Es evidente que todo lo que sea limitar el poder del estado agrada a los grandes especuladores, pero más bien parece que el “diktat” tiene ahora un origen político: el de las autoridades europeas y, más especialmente, el de Alemania. La construcción de la Unión Europea siempre se ha desarrollado bajo la hegemonía alemana que, frente a los países periféricos (los del Sur y el Este), ha adoptado más una orientación neoimperial que una propuesta inclusiva. Que la Unión Europea tenga estructuras comerciales y monetarias unificadas, pero que esté ausente todo proyecto de unión fiscal y de creación de un verdadero suelo de derechos comunes tiene mucho que ver con la visión estratégica de restringir los costes y los riesgos de los principales promotores del invento. Ahora no se esta avanzando en la creación de un verdadero sistema fiscal sino en imponer unas reglas a la periferia para que no ponga en peligro la estabilidad del euro. Precisamente cuando la realidad muestra la debilidad estructural del modelo que se impuso para alcanzar la estabilidad monetaria. En lugar de repensarlo, las elites europeas tratan de imponerlo sean cuales sean los costes sociales que generen. Y en lugar de defender nuestros intereses las direcciones de los dos grandes partidos españoles actúan como verdaderos delegados del poder central. Algo especialmente patético en un PSOE en crisis que lo único que parece mantener es su tradicional centralismo democrático cuando se trata de defender una demanda que viene del imperio (el apoyo unánime a esta reforma repite el mismo modelo de actuación de otras coyunturas parecidas: referéndum de la OTAN, guerra del Golfo...).
II
El “diktat” alemán no obedece a un solo dogma, es más bien una combinación de ideas compartidas que atraviesan todo el período reciente. Hay sin duda mucho de dogmática neoliberal, de “nueva macroeconomía” que ha sacado el pleno empleo del objetivo central de la política para concentrarse en el control de la inflación y en la liberalización del mercado. Un enfoque económico que sospecha de la democracia pues considera que las demandas electorales conducen al “crecimiento excesivo de lo público” (convencimiento típico de los sectores más radicales de la derecha norteamericana que tratan de coartar la acción pública por medio de corsés institucionales, pero del que también sabemos mucho en España, no sólo en el ámbito económico sino en otros como el de los blindajes a la Corona, a la Iglesia Católica, o la memoria histórica...).

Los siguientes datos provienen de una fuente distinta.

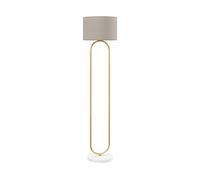 HOMCOM Lampada da Terra Moderna con Paralume in Tessuto, Doppio Tubo Metallico e Interruttore a Pedale, Oro Aosom Italy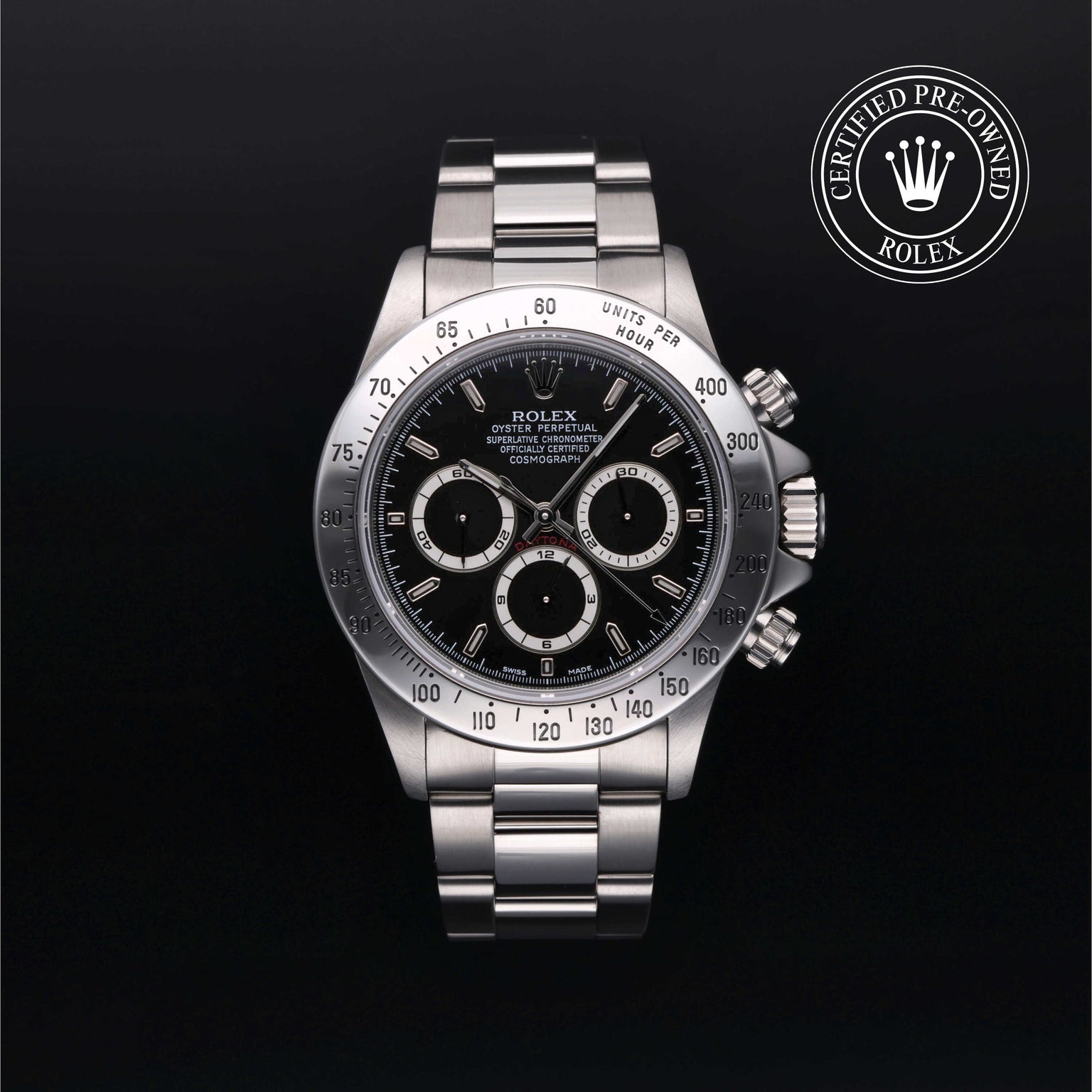 Rolex Certified Pre-owned Daytona M16520-0002 front on black background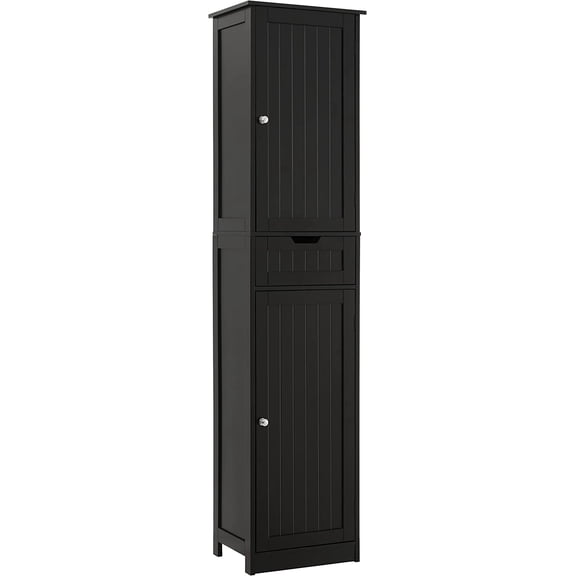 Tall Black Bathroom Cabinet with 2 Doors and 1 Drawer, Bathroom Storage Cabinet with Adjustable Shelves, Narrow Storage Unit for Living Room, Entryway, Kitchen
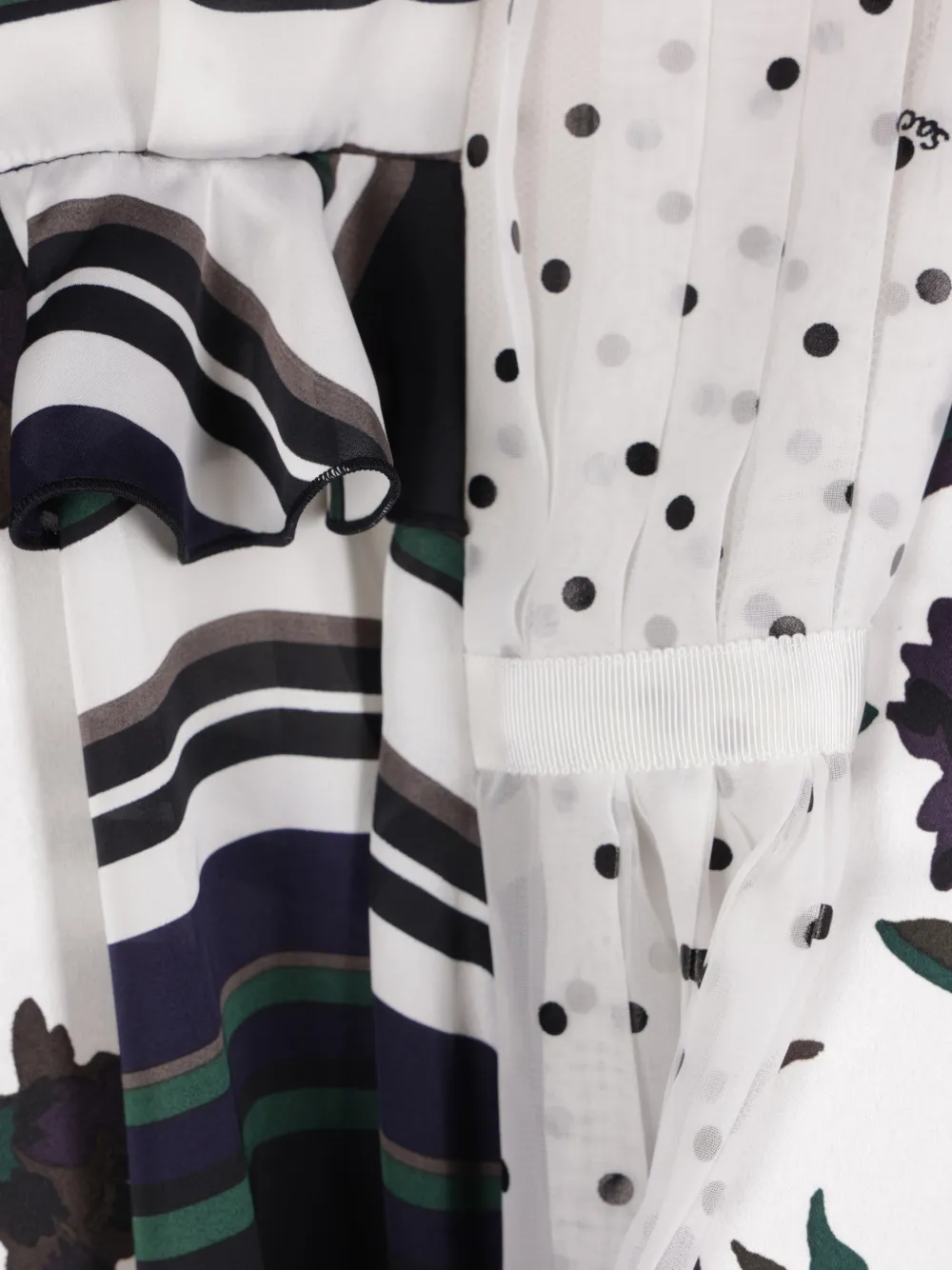 sacai Blouse met bloemenprint en patchwork Zwart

Pero hay también mucho de la visión alemana. Empezando por la obsesión por el control de la inflación al coste que sea. Una obsesión nacida según muchos de la traumática experiencia de la hiperinflación posterior a la I Guerra Mundial que condujo a la quiebra de la banca alemana. Una obsesión que ha jugado un papel importante en el diseño de la unificación alemana (con un altísimo coste para el empleo en el territorio de la antigua RDA), en el Tratado de Maastricht y en las políticas de los noventa (que muchos analistas consideran responsables del elevado desempleo europeo), y que ha seguido aplicando el Banco Central Europeo por ejemplo con los desatinados aumentos del tipo de interés en 2008 y 2011.

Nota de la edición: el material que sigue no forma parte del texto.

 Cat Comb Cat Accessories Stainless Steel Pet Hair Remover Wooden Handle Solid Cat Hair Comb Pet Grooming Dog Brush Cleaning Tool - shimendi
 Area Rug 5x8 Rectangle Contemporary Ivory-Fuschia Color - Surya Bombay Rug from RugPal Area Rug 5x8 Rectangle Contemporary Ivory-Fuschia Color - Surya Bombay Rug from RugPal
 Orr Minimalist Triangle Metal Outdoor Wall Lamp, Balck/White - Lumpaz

La obsesión por el gasto de los países periféricos es de un talante parecido. El convencimiento en las elites, y parte de la población alemana, de que la periferia europea es poco fiable, poco productiva (algo que desmienten por ejemplo los costes unitarios de las fabricas automovilísticas de capital alemán en España) y que hay que atar en corto a unos gobiernos dados al gasto superfluo, al despilfarro y a la economía sumergida. Una creencia que es insensible al hecho de que el peso del gasto público es en varios de estos países claramente inferior al alemán (en porcentaje del PIB), o que no toma en consideración el papel de demanda (y de mano de obra barata) que aporta esta periferia al éxito alemán y que ignora la complejidad del proceso que ha acabado de generar este déficit.
Aplicar el dogma del recorte hasta el final tendrá sin duda costes enormes para la población de los países implicados, pero puede también generar un efecto “boomerang” en la medida en que este ajuste se traducirá en una pérdida de dinamismo económico. Un estancamiento que puede provocar tanto mayores problemas monetarios como un freno al crecimiento de las propias exportaciones alemanas. Los dogmáticos suelen ser miopes a la hora de prever las consecuencias de sus acciones. Los que se pliegan a sus visiones y no las discuten contribuyen a reforzar su insensibilidad.
El dogma del presupuesto equilibrado parte de una visión de “sentido común” que al final puede resultar peligrosa. El sentido común consiste en que lo que se compra se debe pagar y en que el endeudamiento excesivo puede resultar peligroso. Parece más razonable que hacer una política fiscal sensata para evitar caer en la trampa de un excesivo endeudamiento. Los problemas vienen cuando este dogma no tiene en consideración dos cuestiones:
Una tiene que ver con las inversiones, aquellos gastos que deben realizarse a corto plazo a cambio de beneficios monetarios o sociales a largo plazo, como una determinada infraestructura o la inversión en políticas educativas. En este caso un presupuesto que prevé un déficit a corto puede tener sentido. Otra cosa es la de diferenciar claramente lo que es o no una inversión y si siempre cualquier gasto en inversión va a resultar socialmente beneficioso (y es evidente que hay despilfarro público en muchas de las inversiones que se consideran básicas, como han puesto de manifiesto debates como el del Plan Hidrológico, los planes nucleares etc.).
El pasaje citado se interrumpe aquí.